Private equity wants you! Seriously, private equity firms are ramping up their efforts to attract (wealthy) individual investors into their fund offerings. Francesca Friday at The Information reports that private equity firms are poaching wealth management talent from the big banks to help their fund marketing efforts. Friday writes:

“Among the firms doing the poaching in the U.S. are Apollo Global Management, Blackstone, Ares Management, Brookfield, KKR, Carlyle, Coller Capital and Pantheon Ventures, according to the analysis. In Europe, Sweden’s EQT, Switzerland’s Partners Group and France’s Tikehau Capital have made key wealth management hires.”

So pretty much all the big firms. They know that complex, high fee funds are not going to sell themselves like index funds. Bruce Kelly at InvestmentNews wrote about how KKR is attempting to enter the mass affluent market. It almost sounds like they are doing the individual investor a favor. Kelly writes:

“Mass affluent individual investors historically have not had an easy way to access these types of products and strategies,” Larson [of KKR] said. “And so over the coming years, if we’re correct and you start to see allocations go from the low single digits to the mid-single digits, that literally is trillions of dollars that have the potential to move to alternative products.“

Trillions of dollars. 1% of a trillion dollars is $10 billion…a year in fees! To say nothing of the performance fees. Even Tony Robbins is getting into the act.

Nick Maggiulli at Of Dollars and Data took a look at Robbins’ new book The Holy Grail of Investing which sounds like a book-length advertisement for a range of alternative investments that can be purchased through affiliated firm. Maggiulli writes:

“Okay, so let me get this straight. According to Robbins, I need to own a set of uncorrelated investments like private credit, sports teams, etc. However, these uncorrelated investments are only found in private markets, which I, as a retail investor, don’t have access to. So what do I do?…Robbins is basically saying that if you want to be financially successful, you have to go through him. He is the gatekeeper to the Holy Grail of investing.”
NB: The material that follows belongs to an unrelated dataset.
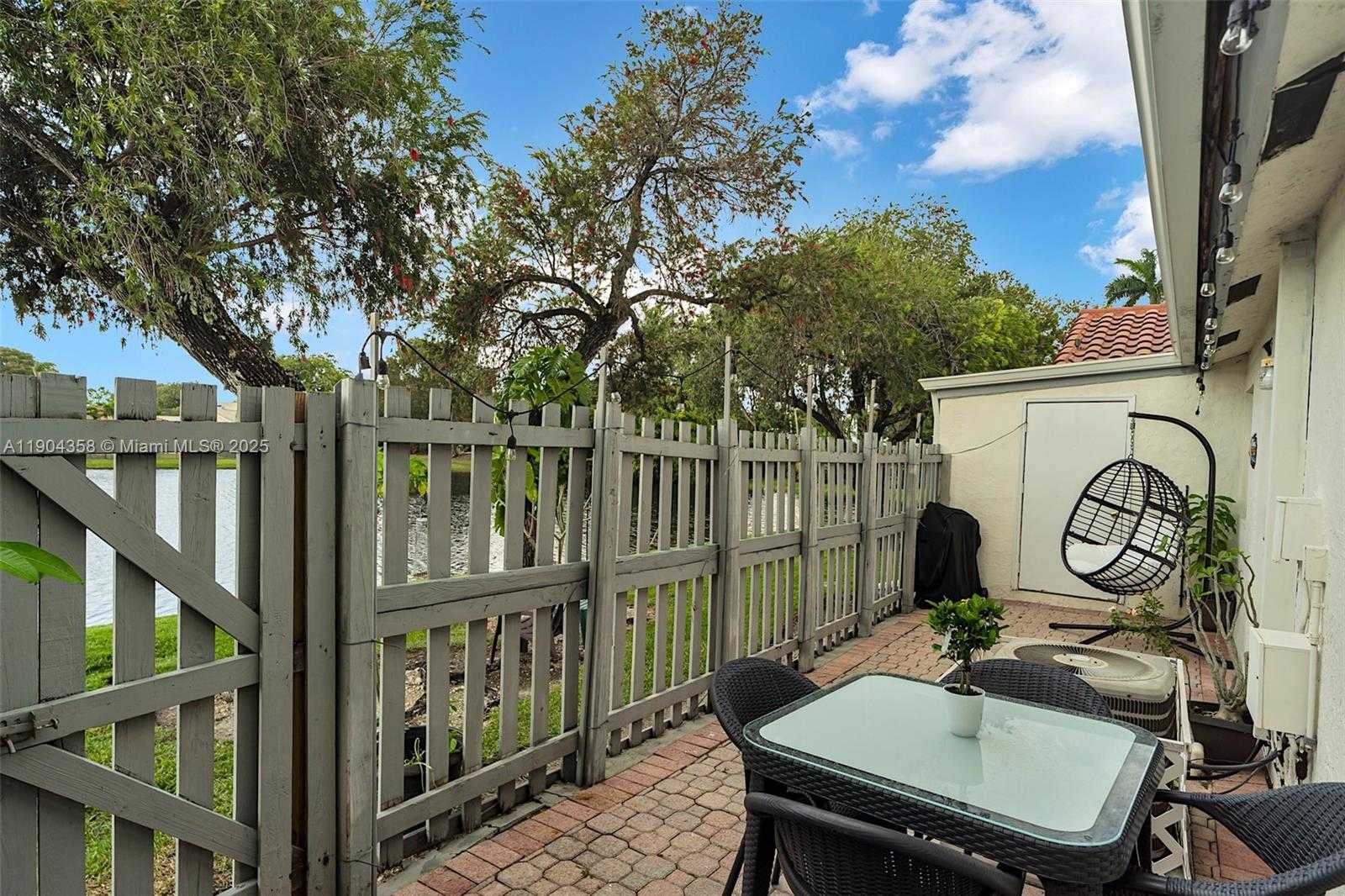 Small Image of 1568 SPRINGSIDE DR #1568, Weston Number 43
As the index fund takes over the traditional fund space, the private equity crowd is looking to generate fees in an another way. The big private equity fund firms are zeroing in on the individual investor for the long run, and don’t expect it to end any time soon. Again from The Information:

“We are in the earliest early days of this,” Apollo CEO Marc Rowan noted on a call to investors last week. “This is a $65 trillion market that ultimately has the potential for private markets investors such as ourselves and our peer group to be as large [as], if not larger than, our institutional market.”

There is no holy grail of investing. And even if there was, you should be wary of anyone trying to sell it to you with a multi-year lockup. Remember that when the private equity industry’s new hires come a calling.